Existem múltiplos modelos que podem ser utilizados para avaliar a DMC. Um modelo encoraja os médicos a avaliar o seguinte: ausência de quaisquer défices brutos de conhecimento, julgamento do paciente, compreensão, capacidade de escolher entre diferentes opções, capacidade de expressar uma escolha, e estabilidade da escolha ao longo do tempo . Outro modelo, o MacArthur Competence Assessment Tool for Treatment, é uma entrevista estruturada à medida da situação específica do paciente, que leva 20 minutos a administrar e a pontuar . Actualmente, não existem directrizes práticas formais emitidas por sociedades profissionais para avaliar o DMC de um paciente. Isto deve-se muito provavelmente à singularidade do cenário de cada paciente e ao facto de que a DMC deve ser avaliada caso a caso.

Em geral, se um paciente com capacidade de decisão recusar o tratamento médico recomendado, a sua recusa deve ser honrada e aceite . No entanto, se o paciente recusar um tratamento que salve vidas, se a decisão for tomada segundo um padrão diferente?

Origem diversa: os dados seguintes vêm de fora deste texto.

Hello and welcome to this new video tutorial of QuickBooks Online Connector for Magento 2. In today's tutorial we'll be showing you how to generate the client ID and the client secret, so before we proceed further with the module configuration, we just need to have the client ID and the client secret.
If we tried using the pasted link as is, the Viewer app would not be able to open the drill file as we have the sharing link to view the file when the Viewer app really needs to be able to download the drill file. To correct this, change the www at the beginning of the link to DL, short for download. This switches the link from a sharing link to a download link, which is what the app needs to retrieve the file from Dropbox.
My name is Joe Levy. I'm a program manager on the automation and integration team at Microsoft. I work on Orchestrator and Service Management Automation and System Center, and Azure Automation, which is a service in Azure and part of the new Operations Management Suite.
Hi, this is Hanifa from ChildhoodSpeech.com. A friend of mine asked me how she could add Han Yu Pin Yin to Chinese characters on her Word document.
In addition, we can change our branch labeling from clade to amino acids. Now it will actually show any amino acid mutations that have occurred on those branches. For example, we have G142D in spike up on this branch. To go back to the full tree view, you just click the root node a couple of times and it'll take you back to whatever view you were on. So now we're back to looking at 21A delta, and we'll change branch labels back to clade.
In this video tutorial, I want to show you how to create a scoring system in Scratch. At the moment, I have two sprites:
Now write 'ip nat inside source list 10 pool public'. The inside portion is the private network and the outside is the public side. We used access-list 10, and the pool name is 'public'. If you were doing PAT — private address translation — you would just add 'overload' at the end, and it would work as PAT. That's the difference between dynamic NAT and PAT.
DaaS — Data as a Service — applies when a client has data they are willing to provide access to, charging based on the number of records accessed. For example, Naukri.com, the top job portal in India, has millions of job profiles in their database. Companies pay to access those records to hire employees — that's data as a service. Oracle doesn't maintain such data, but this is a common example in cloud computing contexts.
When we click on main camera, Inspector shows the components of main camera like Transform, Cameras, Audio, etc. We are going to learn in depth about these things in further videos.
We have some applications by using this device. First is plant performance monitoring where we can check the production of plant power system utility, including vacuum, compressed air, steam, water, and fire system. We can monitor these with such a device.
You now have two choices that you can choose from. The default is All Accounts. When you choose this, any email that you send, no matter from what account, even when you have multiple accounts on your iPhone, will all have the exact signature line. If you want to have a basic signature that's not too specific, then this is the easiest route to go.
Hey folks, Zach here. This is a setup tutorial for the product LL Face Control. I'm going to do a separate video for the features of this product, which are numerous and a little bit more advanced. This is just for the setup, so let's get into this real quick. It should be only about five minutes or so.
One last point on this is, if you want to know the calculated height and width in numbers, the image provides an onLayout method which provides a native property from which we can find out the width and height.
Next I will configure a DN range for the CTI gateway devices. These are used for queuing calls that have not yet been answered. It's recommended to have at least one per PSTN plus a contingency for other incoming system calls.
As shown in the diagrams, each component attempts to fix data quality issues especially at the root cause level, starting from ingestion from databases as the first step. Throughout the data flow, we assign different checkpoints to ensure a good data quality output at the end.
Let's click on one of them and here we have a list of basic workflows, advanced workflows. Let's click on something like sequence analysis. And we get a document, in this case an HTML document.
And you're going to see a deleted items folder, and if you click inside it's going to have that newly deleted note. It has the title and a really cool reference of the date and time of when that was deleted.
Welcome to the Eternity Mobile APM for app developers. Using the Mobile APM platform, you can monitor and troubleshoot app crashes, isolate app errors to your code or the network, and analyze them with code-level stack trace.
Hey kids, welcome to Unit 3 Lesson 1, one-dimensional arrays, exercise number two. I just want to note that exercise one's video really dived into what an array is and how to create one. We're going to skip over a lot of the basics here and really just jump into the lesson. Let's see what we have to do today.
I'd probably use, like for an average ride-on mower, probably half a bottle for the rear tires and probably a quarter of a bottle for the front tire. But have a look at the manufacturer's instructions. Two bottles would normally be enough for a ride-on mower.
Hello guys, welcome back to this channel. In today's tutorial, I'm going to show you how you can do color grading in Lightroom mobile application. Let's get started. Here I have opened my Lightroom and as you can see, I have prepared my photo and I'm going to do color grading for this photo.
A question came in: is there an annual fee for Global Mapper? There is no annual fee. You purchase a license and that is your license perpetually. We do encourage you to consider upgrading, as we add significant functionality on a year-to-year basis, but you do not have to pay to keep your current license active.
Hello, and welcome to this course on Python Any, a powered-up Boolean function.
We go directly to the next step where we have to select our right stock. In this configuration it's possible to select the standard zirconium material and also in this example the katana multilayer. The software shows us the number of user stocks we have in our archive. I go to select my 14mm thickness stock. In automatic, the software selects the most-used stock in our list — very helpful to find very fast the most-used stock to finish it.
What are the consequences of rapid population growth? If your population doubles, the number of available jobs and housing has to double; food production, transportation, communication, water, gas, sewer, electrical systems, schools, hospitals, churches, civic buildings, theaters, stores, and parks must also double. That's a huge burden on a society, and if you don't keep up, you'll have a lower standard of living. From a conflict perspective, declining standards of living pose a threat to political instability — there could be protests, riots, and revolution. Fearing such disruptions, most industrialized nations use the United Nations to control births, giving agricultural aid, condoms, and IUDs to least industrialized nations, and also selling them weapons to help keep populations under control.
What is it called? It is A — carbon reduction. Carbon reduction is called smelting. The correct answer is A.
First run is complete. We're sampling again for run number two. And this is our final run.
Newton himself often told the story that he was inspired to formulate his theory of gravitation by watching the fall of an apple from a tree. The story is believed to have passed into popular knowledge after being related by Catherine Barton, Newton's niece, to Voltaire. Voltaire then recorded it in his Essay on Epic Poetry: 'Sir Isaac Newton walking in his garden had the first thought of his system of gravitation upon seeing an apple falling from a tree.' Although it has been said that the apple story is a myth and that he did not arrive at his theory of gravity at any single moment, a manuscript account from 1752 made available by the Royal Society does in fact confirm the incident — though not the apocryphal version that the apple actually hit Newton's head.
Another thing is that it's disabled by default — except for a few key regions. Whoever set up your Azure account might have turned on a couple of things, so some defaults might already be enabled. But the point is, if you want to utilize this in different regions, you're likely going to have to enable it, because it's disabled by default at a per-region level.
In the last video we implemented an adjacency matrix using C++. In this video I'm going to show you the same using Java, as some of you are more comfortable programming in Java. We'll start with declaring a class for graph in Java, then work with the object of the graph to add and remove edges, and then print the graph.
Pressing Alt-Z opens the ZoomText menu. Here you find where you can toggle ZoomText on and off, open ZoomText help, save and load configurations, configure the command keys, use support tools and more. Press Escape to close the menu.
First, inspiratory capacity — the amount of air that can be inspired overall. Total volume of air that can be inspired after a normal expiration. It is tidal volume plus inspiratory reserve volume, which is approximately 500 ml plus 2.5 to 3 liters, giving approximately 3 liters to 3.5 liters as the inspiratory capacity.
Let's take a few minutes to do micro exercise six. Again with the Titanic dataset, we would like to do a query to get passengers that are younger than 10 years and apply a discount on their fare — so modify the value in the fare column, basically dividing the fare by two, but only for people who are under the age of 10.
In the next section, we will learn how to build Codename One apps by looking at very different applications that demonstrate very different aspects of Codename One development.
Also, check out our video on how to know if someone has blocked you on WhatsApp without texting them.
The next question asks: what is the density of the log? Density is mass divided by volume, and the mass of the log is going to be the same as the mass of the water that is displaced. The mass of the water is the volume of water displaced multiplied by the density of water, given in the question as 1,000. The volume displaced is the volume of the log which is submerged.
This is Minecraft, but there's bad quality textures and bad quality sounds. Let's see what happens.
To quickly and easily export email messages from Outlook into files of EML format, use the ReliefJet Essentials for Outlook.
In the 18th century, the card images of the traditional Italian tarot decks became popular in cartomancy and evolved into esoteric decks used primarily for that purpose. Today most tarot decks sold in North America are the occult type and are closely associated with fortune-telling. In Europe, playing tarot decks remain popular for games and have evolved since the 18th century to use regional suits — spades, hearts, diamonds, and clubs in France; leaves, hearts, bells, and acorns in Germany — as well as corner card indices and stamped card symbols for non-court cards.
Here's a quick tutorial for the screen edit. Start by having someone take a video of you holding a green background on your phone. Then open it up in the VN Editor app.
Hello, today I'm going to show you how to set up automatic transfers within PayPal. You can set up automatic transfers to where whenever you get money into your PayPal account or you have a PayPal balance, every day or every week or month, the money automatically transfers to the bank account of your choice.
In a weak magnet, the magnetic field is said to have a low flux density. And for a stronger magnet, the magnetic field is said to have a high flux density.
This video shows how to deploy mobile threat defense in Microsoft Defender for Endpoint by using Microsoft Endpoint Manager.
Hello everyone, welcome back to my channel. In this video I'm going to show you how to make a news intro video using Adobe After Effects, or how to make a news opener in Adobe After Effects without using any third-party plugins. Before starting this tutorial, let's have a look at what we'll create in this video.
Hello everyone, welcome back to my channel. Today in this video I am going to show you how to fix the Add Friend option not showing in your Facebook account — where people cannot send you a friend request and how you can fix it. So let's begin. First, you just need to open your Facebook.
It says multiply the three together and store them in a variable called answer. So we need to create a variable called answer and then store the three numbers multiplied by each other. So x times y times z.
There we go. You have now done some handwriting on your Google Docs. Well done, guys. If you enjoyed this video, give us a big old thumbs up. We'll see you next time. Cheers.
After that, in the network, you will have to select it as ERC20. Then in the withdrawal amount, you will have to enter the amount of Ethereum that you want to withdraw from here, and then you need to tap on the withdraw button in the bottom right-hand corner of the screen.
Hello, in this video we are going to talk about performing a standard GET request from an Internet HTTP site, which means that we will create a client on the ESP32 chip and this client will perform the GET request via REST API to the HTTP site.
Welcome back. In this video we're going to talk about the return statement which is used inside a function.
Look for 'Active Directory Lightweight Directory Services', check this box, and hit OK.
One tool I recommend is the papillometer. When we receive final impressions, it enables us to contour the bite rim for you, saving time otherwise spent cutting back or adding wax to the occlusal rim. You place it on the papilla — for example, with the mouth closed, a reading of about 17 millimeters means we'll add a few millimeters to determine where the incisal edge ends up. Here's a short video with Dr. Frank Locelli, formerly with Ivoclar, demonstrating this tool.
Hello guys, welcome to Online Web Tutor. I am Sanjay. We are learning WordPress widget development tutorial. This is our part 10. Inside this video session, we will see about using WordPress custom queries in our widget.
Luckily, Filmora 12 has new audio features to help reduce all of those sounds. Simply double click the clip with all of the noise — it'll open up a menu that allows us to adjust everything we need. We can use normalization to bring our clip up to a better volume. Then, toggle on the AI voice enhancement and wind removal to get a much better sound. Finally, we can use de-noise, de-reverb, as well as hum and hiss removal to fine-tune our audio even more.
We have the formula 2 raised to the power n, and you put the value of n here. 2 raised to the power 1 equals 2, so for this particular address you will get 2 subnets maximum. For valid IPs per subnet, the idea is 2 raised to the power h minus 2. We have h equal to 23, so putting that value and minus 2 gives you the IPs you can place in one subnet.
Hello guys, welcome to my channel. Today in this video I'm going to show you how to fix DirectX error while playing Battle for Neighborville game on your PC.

Num modelo de “escala móvel” de capacidade de decisão, à medida que os riscos e as consequências aumentam, os pacientes podem ter de demonstrar níveis mais elevados de capacidade de decisão do que em circunstâncias menos críticas . Este modelo é calibrado para reflectir os riscos associados à escolha do paciente, aumentando o rigor do padrão de capacidade exigido. Para o utilizar, os médicos devem navegar entre o respeito pela autonomia do paciente e a protecção dos pacientes contra as consequências possivelmente mortais de uma má decisão . No final, o que deve ser provado é que um paciente tomou uma decisão autónoma baseada na maximização do seu interesse como ele ou ela a define, mesmo que a escolha não tenha sido a escolha esperada ou recomendada pelo médico para a maioria dos pacientes que enfrentam a mesma decisão .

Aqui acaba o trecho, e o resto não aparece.